Friday, May 29, 2009

Things I Like About Liberals, Transportation Policy Smackdown Edition

The focus of this blog is the contradictions and failures of liberalism: how liberals see themselves as supporters of social justice and international cooperation, but how in reality they support both capitalism, the structure of which guarantees massive inequality and crushing poverty, and imperialism almost as much as conservatives.

But there are some things I like about liberal blogs, or else I wouldn't read them. Take this post from Matthew Yglesias, one of my favorite liberal bloggers:

Randall O’Toole is a relentless advocate for highways and automobile dependency in the United States. Consequently, I don’t agree with him about very much. But the thing I consistently find most bizarre about him, is that the Cato Institute and the Reason Foundation have both agreed to agree with O’Toole that his support for highways and automobile dependency is a species of libertarianism. For example, O’Toole whines a bunch about how Ray LaHood wants to spend less money on highways and more on transportation alternatives before denouncing this agenda as “central planning.”

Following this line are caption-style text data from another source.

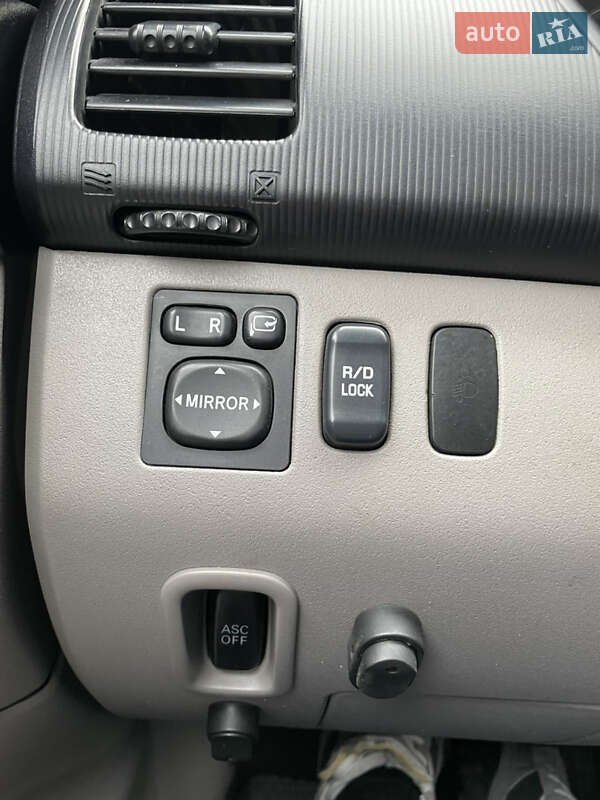 Внедорожник / Кроссовер Mitsubishi Pajero Sport 2010 в Запорожье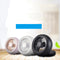 Brushless Motor USB Table Fan Portable Personal Air Cooling Fan Mini Desk Fan PC/Laptop Cooling Fan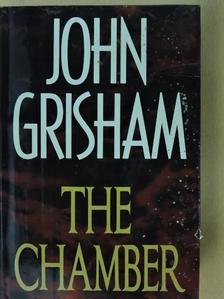 John Grisham - The Chamber [antikvár]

Central planning, of course, is the reverse of libertarianism. So if promoting alternative transportation is central planning, then building highways everywhere must be freedom! But of course in the real world building highways is also central planning.
This is a brilliant 30-second smackdown of a really stupid conservative argument. But I do have to disagree with Yglesias about one thing. Explaining the history of transportation policy in the US, Yglesias says that
beyond the interstates, American cities made a collective decision in the early part of the twentieth century to totally reconfigure their streets so as to become more convenient for car traffic—they’d be paved in an auto-friendly way, and the streets divided into a (larger) cars-only portion and a (smaller) people-only portion.
What Yglesias calls a "collective decision" was in fact a decision made for Americans by automobile manufacturers:

In a 1922 memo that will live in infamy, GM President Alfred P. Sloan established a unit aimed at dumping electrified mass transit in favor of gas-burning cars, trucks and buses.

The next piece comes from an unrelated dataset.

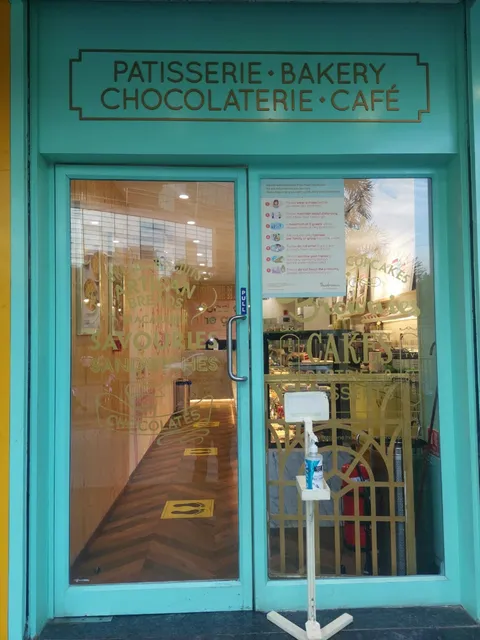 Theobroma Bakery and Cake Shop - Kharadi, Pune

Just one American family in 10 then owned an automobile. Instead, we loved our 44,000 miles of passenger rail routes managed by 1,200 companies employing 300,000 Americans who ran 15 billion annual trips generating an income of $1 billion. According to Snell, "virtually every city and town in America of more than 2,500 people had its own electric rail system."

But GM lost $65 million in 1921. So Sloan enlisted Standard Oil (now Exxon), Philips Petroleum, glass and rubber companies and an army of financiers and politicians to kill mass transit.

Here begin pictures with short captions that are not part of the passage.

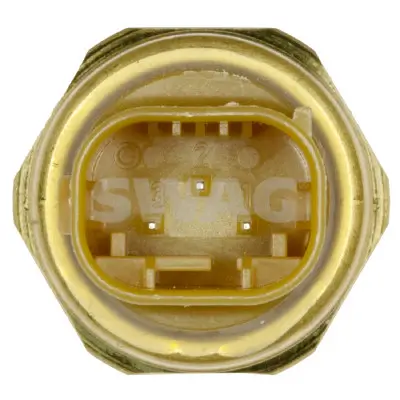 Sensor, Kraftstoffdruck SWAG 33 11 0922 Bild Sensor, Kraftstoffdruck SWAG 33 11 0922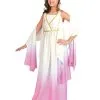 Athena Girls Costume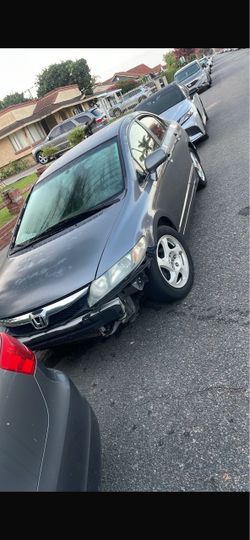 2009 Honda Civic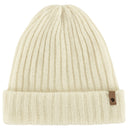 Fjällräven Byron Hat Thin - Mütze (chalk white) - Markenkoffer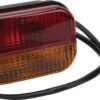 Luz trasera CNH 2 Luz trasera CNH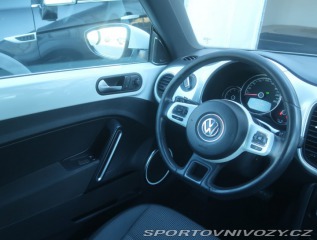 Volkswagen Beetle 1.6 TDI 2013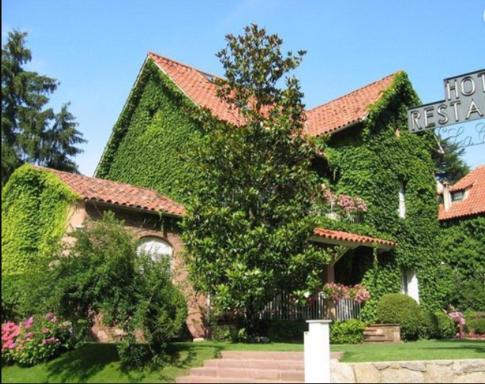 Hotel restaurant Xalet la Coromina - Housity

The campaigns varied, as did the economic and technical health of many of the systems themselves. Some now argue that buses would have transcended many of the rail lines anyway. More likely, they would have hybridized and complemented each other.

But with a varied arsenal of political and financial subterfuges, GM helped gut the core of America's train and trolley systems. It was the murder of our rail systems that made our "love affair" with the car a tragedy of necessity.

This is a classic liberal move: describing a decision that was actually made by capitalist class interests as a democratic, consensual choice.